**Required work**. Of the material below, the lines to be retyped are those from the line containing "Merry Evergreen Main image" through the line containing "Седан Mitsubishi Lancer 2008 в Киеве", inclusive; reproduce them exactly.
=== Begin Enclosure ===
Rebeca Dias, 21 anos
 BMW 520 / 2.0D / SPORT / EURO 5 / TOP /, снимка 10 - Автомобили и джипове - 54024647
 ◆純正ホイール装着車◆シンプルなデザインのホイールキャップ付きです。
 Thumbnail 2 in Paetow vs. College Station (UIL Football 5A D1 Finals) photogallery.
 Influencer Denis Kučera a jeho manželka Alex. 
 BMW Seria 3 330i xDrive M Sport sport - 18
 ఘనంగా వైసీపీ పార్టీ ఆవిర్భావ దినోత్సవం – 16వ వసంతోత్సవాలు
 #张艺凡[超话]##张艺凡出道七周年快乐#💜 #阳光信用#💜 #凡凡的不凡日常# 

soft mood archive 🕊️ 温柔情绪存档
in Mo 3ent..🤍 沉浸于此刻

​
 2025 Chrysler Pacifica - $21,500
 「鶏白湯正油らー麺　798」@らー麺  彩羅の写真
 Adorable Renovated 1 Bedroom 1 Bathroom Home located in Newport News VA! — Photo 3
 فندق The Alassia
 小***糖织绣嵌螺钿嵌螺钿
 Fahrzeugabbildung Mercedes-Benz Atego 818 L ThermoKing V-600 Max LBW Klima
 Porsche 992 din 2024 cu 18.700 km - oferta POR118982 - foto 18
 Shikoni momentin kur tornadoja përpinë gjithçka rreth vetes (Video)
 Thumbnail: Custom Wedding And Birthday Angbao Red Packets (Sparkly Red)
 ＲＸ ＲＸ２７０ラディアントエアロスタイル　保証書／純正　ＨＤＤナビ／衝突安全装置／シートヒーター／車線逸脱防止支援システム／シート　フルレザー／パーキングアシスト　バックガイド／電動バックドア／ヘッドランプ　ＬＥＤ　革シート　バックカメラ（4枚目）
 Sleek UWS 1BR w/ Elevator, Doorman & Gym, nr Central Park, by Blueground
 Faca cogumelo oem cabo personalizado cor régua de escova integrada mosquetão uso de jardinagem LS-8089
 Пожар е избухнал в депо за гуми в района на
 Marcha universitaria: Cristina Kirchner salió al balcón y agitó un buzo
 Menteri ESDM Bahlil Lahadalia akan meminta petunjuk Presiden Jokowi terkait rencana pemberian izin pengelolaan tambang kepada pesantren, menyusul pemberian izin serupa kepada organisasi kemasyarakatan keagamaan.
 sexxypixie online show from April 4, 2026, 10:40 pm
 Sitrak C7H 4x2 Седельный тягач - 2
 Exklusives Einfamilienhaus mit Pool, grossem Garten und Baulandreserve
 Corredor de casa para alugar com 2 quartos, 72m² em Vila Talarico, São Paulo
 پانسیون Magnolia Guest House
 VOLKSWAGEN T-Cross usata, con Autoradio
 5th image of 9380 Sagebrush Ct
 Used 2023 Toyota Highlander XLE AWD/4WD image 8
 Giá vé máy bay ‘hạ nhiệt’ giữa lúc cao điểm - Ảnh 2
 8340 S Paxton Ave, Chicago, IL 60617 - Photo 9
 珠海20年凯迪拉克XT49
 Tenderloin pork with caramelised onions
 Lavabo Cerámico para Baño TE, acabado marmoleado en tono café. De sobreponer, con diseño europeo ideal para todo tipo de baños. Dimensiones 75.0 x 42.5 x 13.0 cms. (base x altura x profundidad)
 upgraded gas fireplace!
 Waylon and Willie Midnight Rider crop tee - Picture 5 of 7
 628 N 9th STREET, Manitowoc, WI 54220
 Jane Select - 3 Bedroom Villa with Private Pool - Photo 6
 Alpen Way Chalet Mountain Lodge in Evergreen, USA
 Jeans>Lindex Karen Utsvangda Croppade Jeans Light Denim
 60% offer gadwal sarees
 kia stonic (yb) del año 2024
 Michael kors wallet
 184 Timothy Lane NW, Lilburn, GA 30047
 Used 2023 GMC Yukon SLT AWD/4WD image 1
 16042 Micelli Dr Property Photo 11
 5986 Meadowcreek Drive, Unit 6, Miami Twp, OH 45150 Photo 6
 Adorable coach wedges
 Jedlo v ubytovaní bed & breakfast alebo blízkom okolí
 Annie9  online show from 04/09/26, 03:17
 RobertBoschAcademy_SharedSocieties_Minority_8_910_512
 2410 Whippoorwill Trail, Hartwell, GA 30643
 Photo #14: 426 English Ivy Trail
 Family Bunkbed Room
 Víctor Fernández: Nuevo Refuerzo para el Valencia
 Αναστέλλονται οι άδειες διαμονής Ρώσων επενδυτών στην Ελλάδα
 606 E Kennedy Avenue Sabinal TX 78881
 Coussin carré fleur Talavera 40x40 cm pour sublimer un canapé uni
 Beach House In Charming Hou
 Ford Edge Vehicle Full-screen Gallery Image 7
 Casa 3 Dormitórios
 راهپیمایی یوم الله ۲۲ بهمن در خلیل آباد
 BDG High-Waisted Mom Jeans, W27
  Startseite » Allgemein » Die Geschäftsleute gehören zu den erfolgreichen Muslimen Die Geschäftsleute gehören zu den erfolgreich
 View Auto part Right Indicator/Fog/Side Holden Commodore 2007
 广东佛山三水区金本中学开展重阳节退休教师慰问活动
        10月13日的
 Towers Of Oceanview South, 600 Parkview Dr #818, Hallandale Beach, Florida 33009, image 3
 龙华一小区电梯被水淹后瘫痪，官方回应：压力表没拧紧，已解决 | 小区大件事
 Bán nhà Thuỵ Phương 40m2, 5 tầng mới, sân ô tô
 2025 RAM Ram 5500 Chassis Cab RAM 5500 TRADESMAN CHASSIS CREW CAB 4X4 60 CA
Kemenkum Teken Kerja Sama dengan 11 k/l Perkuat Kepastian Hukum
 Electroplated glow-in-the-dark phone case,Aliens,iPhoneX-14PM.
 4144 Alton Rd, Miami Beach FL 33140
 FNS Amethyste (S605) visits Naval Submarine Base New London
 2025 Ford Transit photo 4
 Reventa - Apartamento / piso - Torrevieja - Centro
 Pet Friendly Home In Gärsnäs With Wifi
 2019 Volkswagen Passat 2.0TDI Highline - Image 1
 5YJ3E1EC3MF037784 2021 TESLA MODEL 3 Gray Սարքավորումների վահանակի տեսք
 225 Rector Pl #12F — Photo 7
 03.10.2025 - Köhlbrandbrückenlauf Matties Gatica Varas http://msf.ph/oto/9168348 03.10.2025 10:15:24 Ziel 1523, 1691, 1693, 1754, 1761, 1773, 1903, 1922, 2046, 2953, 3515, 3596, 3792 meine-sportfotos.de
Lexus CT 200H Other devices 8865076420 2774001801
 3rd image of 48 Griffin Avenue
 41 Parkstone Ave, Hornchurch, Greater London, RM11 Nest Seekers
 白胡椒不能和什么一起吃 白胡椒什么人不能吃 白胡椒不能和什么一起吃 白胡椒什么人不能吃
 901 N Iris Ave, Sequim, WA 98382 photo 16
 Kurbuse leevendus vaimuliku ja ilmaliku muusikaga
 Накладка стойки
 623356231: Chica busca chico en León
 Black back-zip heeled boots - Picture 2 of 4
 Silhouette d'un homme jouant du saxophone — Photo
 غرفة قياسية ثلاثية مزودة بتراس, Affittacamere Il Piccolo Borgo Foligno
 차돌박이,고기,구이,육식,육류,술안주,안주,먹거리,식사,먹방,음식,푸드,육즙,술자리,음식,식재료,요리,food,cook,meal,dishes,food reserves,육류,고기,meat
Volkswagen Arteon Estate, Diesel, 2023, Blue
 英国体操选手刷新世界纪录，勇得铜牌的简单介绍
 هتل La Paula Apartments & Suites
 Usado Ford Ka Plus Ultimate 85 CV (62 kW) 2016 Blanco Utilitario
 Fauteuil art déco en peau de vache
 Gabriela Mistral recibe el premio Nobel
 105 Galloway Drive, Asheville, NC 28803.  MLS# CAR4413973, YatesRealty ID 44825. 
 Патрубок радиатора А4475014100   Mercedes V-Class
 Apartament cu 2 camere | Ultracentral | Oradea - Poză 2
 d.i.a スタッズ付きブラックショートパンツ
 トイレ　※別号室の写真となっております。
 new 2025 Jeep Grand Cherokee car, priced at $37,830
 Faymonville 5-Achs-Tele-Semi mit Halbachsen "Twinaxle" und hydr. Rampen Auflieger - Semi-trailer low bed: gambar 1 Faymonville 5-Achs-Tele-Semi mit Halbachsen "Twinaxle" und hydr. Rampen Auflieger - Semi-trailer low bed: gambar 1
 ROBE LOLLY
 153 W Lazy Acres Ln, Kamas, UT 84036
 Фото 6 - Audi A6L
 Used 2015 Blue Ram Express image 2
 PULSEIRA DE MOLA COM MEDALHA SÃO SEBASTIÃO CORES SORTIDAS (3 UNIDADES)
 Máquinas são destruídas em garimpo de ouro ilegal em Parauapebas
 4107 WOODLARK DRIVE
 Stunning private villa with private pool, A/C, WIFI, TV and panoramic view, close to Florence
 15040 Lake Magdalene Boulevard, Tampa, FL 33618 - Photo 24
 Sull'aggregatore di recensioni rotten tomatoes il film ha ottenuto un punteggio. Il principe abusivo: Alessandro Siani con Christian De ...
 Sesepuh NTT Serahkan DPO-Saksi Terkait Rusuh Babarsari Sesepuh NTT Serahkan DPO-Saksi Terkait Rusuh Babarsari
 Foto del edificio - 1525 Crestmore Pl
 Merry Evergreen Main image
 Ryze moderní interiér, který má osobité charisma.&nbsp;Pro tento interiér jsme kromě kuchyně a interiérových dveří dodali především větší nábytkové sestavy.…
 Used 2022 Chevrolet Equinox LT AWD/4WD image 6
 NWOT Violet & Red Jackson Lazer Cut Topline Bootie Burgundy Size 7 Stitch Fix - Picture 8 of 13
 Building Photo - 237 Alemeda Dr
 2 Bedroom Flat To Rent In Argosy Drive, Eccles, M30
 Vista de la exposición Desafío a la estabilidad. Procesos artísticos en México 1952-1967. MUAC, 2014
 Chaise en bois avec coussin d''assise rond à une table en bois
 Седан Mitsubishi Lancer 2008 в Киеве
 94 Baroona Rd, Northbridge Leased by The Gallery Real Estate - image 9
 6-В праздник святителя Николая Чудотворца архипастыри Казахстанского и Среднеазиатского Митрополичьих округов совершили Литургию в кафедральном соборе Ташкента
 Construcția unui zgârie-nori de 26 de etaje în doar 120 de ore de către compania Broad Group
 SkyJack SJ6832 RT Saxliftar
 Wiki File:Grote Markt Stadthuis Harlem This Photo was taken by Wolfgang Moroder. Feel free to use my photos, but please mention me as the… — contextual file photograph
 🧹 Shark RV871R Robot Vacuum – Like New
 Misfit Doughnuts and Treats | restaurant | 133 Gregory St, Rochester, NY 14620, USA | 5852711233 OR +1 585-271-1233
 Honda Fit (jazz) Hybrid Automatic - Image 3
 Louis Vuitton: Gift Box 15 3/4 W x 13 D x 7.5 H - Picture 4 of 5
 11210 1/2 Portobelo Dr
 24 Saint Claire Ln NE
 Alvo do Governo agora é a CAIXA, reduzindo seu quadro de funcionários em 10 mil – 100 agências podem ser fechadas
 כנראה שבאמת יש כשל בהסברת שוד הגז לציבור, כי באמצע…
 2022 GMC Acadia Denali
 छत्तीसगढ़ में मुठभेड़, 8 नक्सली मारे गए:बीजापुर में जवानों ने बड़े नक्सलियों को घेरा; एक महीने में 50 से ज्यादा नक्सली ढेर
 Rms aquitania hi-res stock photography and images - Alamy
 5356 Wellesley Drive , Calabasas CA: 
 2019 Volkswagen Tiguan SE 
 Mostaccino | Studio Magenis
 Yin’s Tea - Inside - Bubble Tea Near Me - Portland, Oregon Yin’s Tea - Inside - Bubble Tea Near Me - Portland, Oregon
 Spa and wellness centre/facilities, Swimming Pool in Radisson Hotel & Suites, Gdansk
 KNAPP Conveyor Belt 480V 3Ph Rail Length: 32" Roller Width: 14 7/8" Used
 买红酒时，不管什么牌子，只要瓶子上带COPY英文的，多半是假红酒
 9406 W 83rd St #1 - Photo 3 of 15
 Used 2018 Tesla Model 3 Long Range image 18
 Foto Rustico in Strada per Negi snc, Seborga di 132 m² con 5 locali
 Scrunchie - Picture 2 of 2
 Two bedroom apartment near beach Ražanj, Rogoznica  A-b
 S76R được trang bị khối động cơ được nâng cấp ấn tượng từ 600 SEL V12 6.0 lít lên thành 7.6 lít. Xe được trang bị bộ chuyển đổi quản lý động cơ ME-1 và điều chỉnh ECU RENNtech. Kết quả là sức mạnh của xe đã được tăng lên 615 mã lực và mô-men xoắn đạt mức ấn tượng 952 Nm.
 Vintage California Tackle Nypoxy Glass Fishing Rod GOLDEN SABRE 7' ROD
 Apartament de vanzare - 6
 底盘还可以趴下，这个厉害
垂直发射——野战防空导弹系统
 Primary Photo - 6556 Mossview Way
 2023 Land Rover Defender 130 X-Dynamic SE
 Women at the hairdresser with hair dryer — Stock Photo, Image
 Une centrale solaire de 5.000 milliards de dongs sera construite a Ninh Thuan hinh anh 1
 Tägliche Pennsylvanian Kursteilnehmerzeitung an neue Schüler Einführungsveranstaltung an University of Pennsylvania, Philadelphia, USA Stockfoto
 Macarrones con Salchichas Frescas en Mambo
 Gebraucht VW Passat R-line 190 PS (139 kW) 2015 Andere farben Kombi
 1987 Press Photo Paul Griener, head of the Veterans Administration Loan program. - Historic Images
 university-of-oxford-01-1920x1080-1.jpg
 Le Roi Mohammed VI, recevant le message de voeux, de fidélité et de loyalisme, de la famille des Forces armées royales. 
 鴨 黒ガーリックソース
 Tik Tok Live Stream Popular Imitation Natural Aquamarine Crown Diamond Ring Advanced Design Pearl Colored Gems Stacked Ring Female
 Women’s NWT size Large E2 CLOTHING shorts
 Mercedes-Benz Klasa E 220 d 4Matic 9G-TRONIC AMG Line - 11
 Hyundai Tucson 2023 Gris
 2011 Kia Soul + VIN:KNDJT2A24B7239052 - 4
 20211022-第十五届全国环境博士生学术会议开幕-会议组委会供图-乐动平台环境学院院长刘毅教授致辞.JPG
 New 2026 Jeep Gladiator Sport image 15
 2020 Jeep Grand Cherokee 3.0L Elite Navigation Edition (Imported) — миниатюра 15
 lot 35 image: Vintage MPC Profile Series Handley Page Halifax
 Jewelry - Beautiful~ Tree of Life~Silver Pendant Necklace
=== End Enclosure ===
**Written solution**.
 Merry Evergreen Main image
 Ryze moderní interiér, který má osobité charisma.&nbsp;Pro tento interiér jsme kromě kuchyně a interiérových dveří dodali především větší nábytkové sestavy.…
 Used 2022 Chevrolet Equinox LT AWD/4WD image 6
 NWOT Violet & Red Jackson Lazer Cut Topline Bootie Burgundy Size 7 Stitch Fix - Picture 8 of 13
 Building Photo - 237 Alemeda Dr
 2 Bedroom Flat To Rent In Argosy Drive, Eccles, M30
 Vista de la exposición Desafío a la estabilidad. Procesos artísticos en México 1952-1967. MUAC, 2014
 Chaise en bois avec coussin d''assise rond à une table en bois
 Седан Mitsubishi Lancer 2008 в Киеве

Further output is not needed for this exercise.